• **Task goal**: Print each line exactly, from the one with "Gucci GG supreme monogram tote bag" to the very last line of the listing, and keep the pictures out.
──────── Data segment ────────
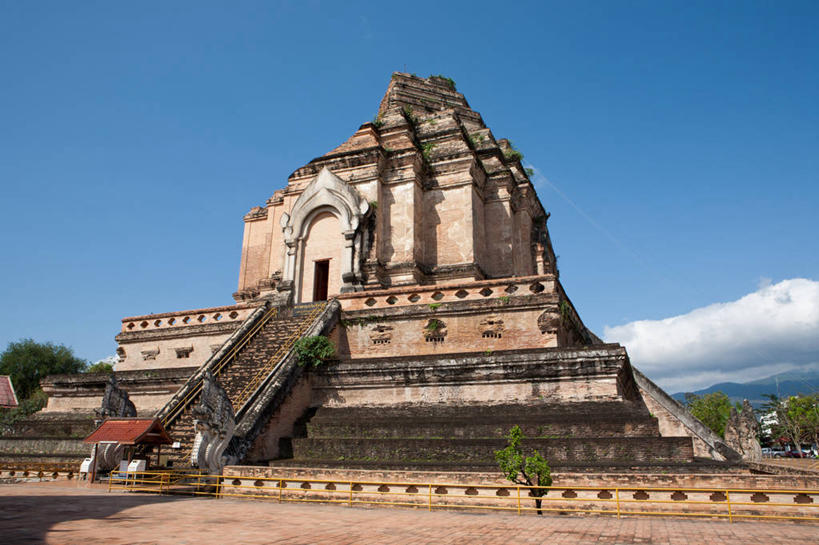 无人,寺庙,横图,室外,白天,建筑,泰国,云,历史,佛塔,台阶,树,天空,摄影,宗教,佛教,泰国文化,清迈省,柴迪隆寺,彩图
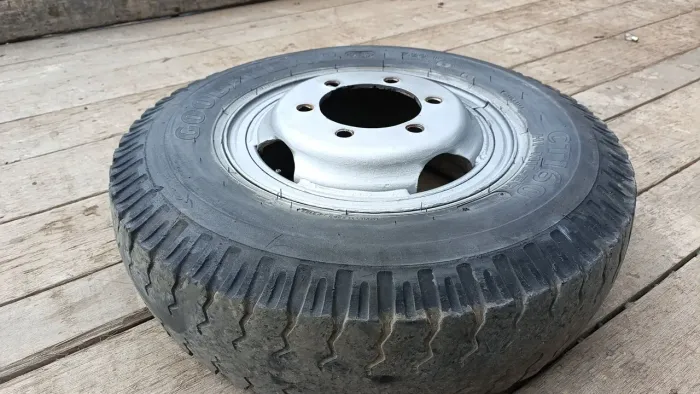 roda e pneu para caminhão 710
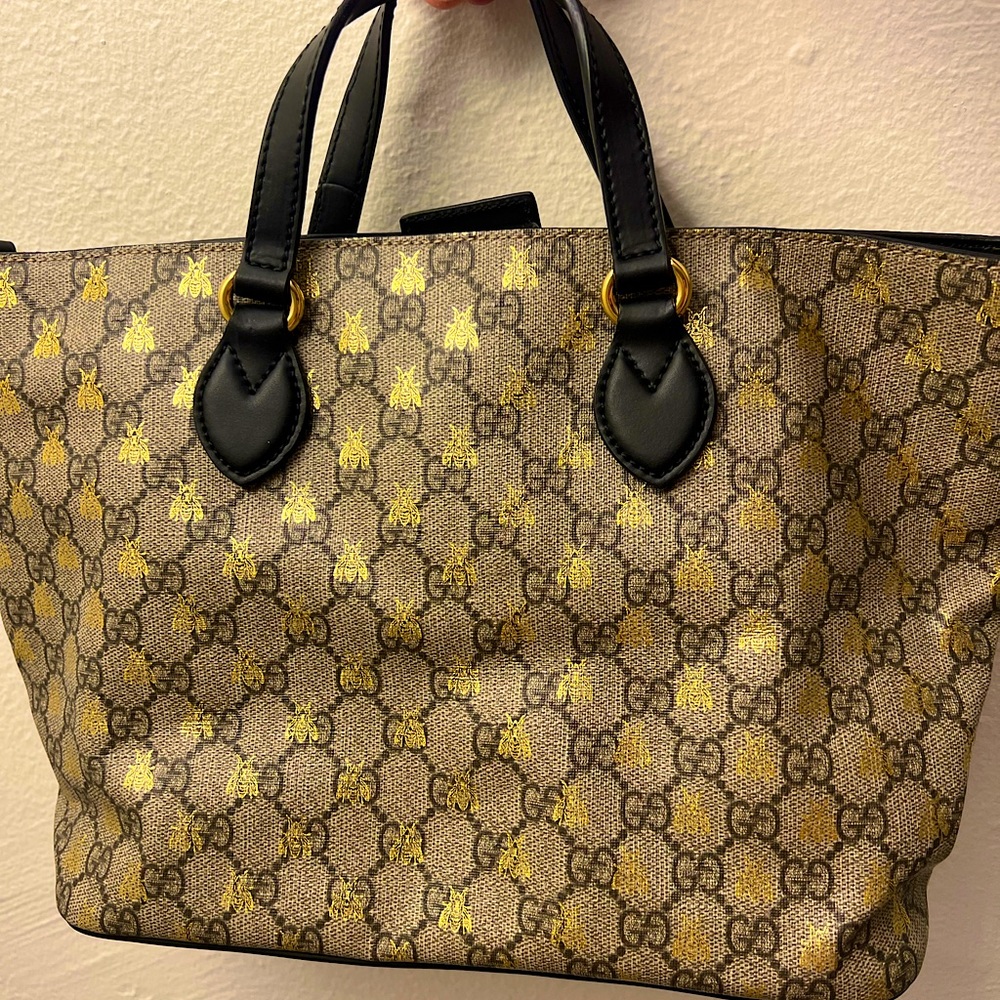 Gucci GG supreme monogram tote bag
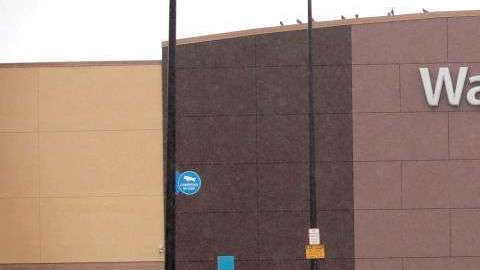 Walmart To Raise Its Minimum Raise To 11 Dollars An Hour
────────
• **Completed exercise**:
 Gucci GG supreme monogram tote bag
 Walmart To Raise Its Minimum Raise To 11 Dollars An Hour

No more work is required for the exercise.